- WHAT THE TASK REQUIRES: Copy verbatim the span of lines beginning at the line that contains "Genshin Impact Frostbearing" and ending with the final line of the data. Exclude pictures from the copy.

[Saved data entries]
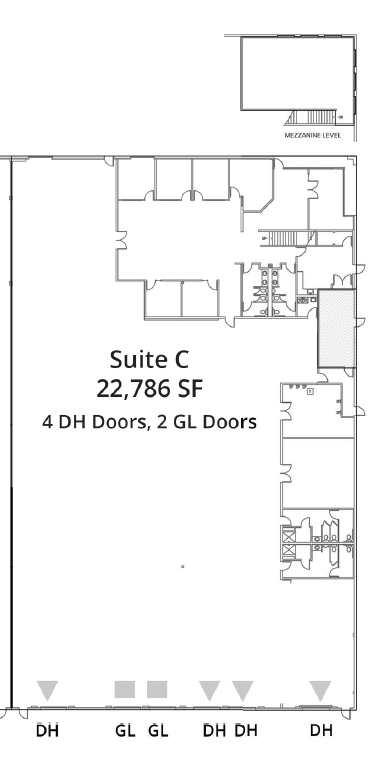 7520 Airway Rd, San Diego, CA en alquiler Plano de la planta- Imagen 1 de 2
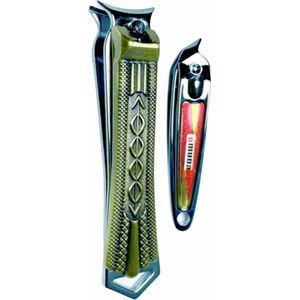 teennagelknipper – 2 stuks voor volwassenen en kinderen – verschillende maten | Nagelknipperset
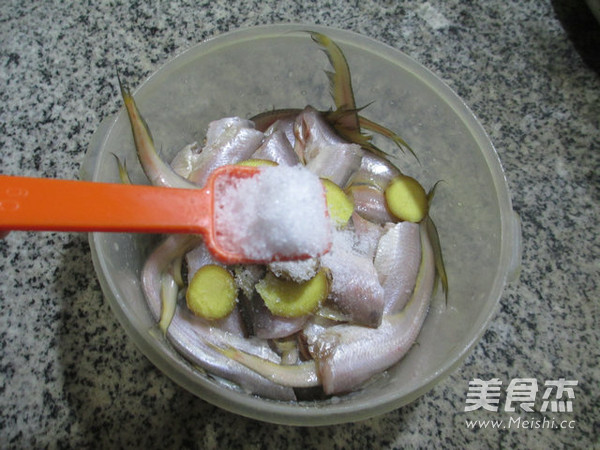 Deep-fried Cockle recipe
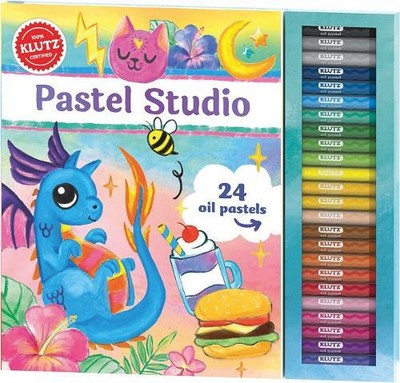 Editors of Klutz Pastel Studio (Paperback) Klutz (UK IMPORT)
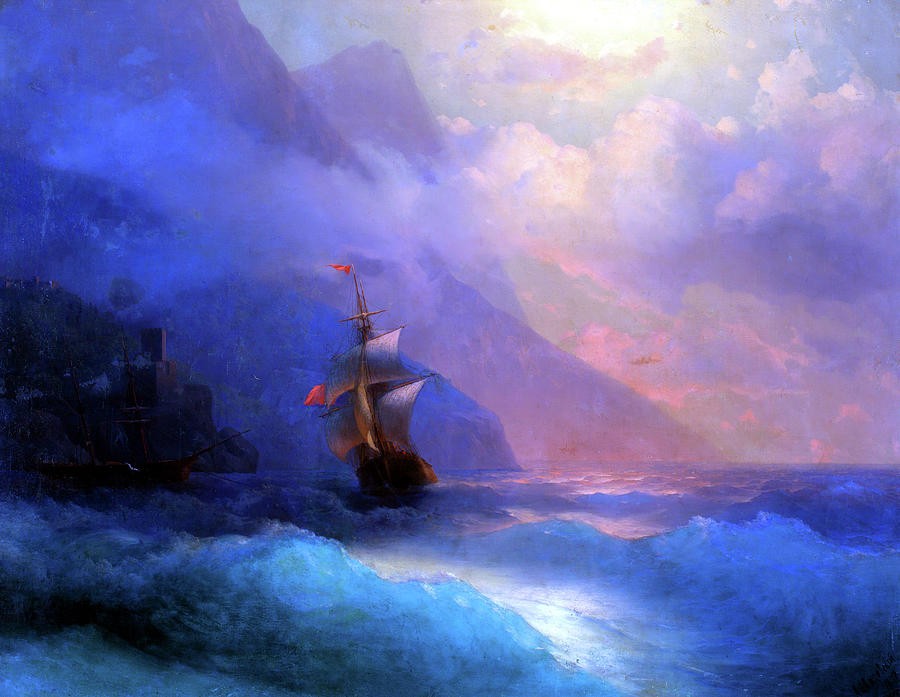 Sea View by Ivan Aivazovsky
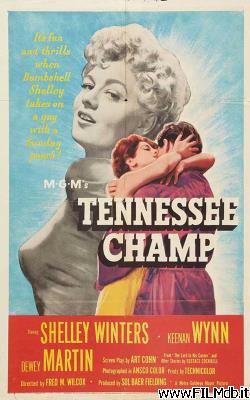 Affiche de film Tennessee Champ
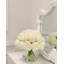 Peony Stems Pink Peach Large Head - Artificial Faux Peony Stems - French Country Faux Flowers Stems-1251554933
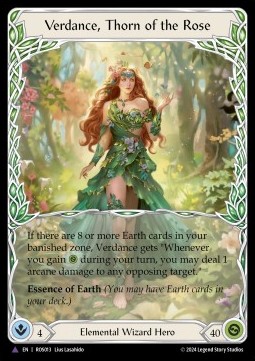 Verdance, Thorn of the Rose (Marvel)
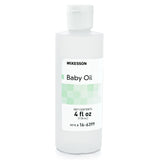 McKesson Baby Oil, Scented, 4 fl oz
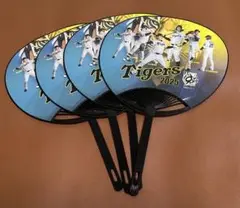 阪神タイガース　うちわ　4枚セット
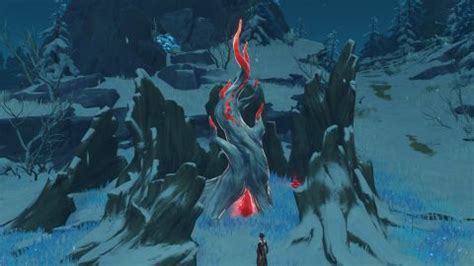 Genshin Impact Frostbearing Tree, Crimson Agate and how to find it and level up | GamesRadar+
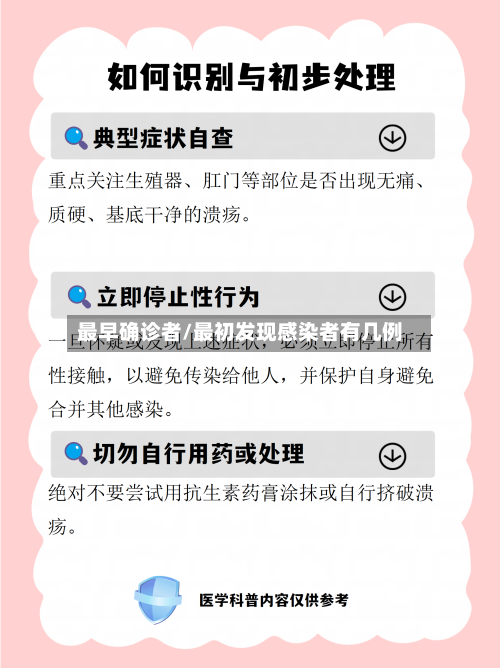 最早确诊者/最初发现感染者有几例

- OUTPUT OF THE EXERCISE:
 Genshin Impact Frostbearing Tree, Crimson Agate and how to find it and level up | GamesRadar+
 最早确诊者/最初发现感染者有几例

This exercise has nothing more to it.